Guess in USA you need ION tv channel


----------



## dudeabides (Sep 30, 2008)

420atalon said:


> Dudeabides said was fine to post link here. For those without ion or espn, can watch here.
> 
> http://www.vip---tv.net/vip-tv-1.php


Yep, that's what the VIP is for :thumbsup: and thanks again, after I right clicked and picked 'fit video' it looks really good.


----------



## 420atalon (Sep 13, 2008)

Unless the judges are idiots should have got that one perfect.


----------



## 420atalon (Sep 13, 2008)

420atalon said:


> Unless the judges are idiots should have got that one perfect.


What the ****...

**** you judges. **** you.


----------



## G_Land (Aug 11, 2009)

I like ring ...but .......huh?


----------



## Inkdot (Jun 15, 2009)

Biggest robbery in the history of UFC.... :confused02:


----------



## 420atalon (Sep 13, 2008)

I better not lose this match because of that retarded judging. Man bad judging pisses me off.


----------



## Rauno (Nov 20, 2009)

420atalon said:


> Unless the judges are idiots should have got that one perfect.


You called it.


----------



## 420atalon (Sep 13, 2008)

Rauno said:


> You called it.


I had a feeling it was coming...

Ring landed absolutely nothing in the 2nd or 3rd rounds... Guess the judges don't realize what a blocked punch or kick looks like...

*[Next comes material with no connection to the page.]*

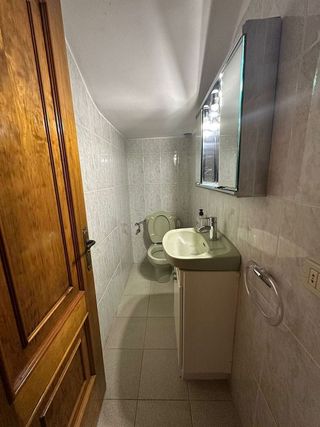 Casa adosada en venta en La Salud - Perú - Buenavista en Santa Cruz de Tenerife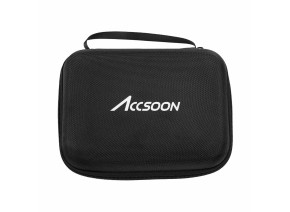 Accsoon ACC27 torba za Accsoon CineView 2 SDI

Got the Gustafsson sub right, thought it would be 2nd round but the fight went about exactly as I thought it would.


----------



## Inkdot (Jun 15, 2009)

Holy shit, Gustafsson gave me a BIG scare there in the beginning...


I'm exalted right now!!! :thumb02::thumb02::thumb02::thumb02:


----------



## 420atalon (Sep 13, 2008)

"That's a lot of woman" 

Lol, Rogan is awesome.


----------



## Rauno (Nov 20, 2009)

420atalon said:


> "That's a lot of woman"
> 
> Lol, Rogan is awesome.


Yeah LOL.


----------



## hixxy (Sep 7, 2007)

4-3 going into main card..


----------



## Inkdot (Jun 15, 2009)

420atalon said:


> "That's a lot of woman"
> 
> Lol, Rogan is awesome.


Indeed! :thumbsup:

And with that profound philosophical prose by Mr Rogan I sign out for tonight. Time to sleep. Good luck to everyone on the main card and see you tomorrow!


And WAR GUSTAFSSON!


----------



## 420atalon (Sep 13, 2008)

hixxy said:


> 4-3 going into main card..


I should be 4-3...

Dudeabides should give us Fukuda pickers the win, we all know who really won that fight


----------



## John8204 (May 13, 2010)

5-2 thank you Aussie racism you never let me down :thumb02:


----------



## Machida Karate (Nov 30, 2009)

Now that i represent the BadBoy crew, and really wanting my belt back, im hoping for top results :fight02:


----------



## morninglightmt (Sep 7, 2008)

2-5 so far, wooooo :drink02:


----------



## John8204 (May 13, 2010)

6-2 raise01: hottest start ever


----------



## limba (Jul 21, 2009)

morninglightmt said:


> 2-5 so far, wooooo :drink02:


6-2 my dear opponent! 

If the world doesn't explode, i will get my first win! :thumb02:


----------



## G_Land (Aug 11, 2009)

How you doin Killstarz?


----------



## morninglightmt (Sep 7, 2008)

limba said:


> 6-2 my dear opponent!
> 
> If the world doesn't explode, i will get my first win! :thumb02:


you should be ashamed of yourself for the Ring win! 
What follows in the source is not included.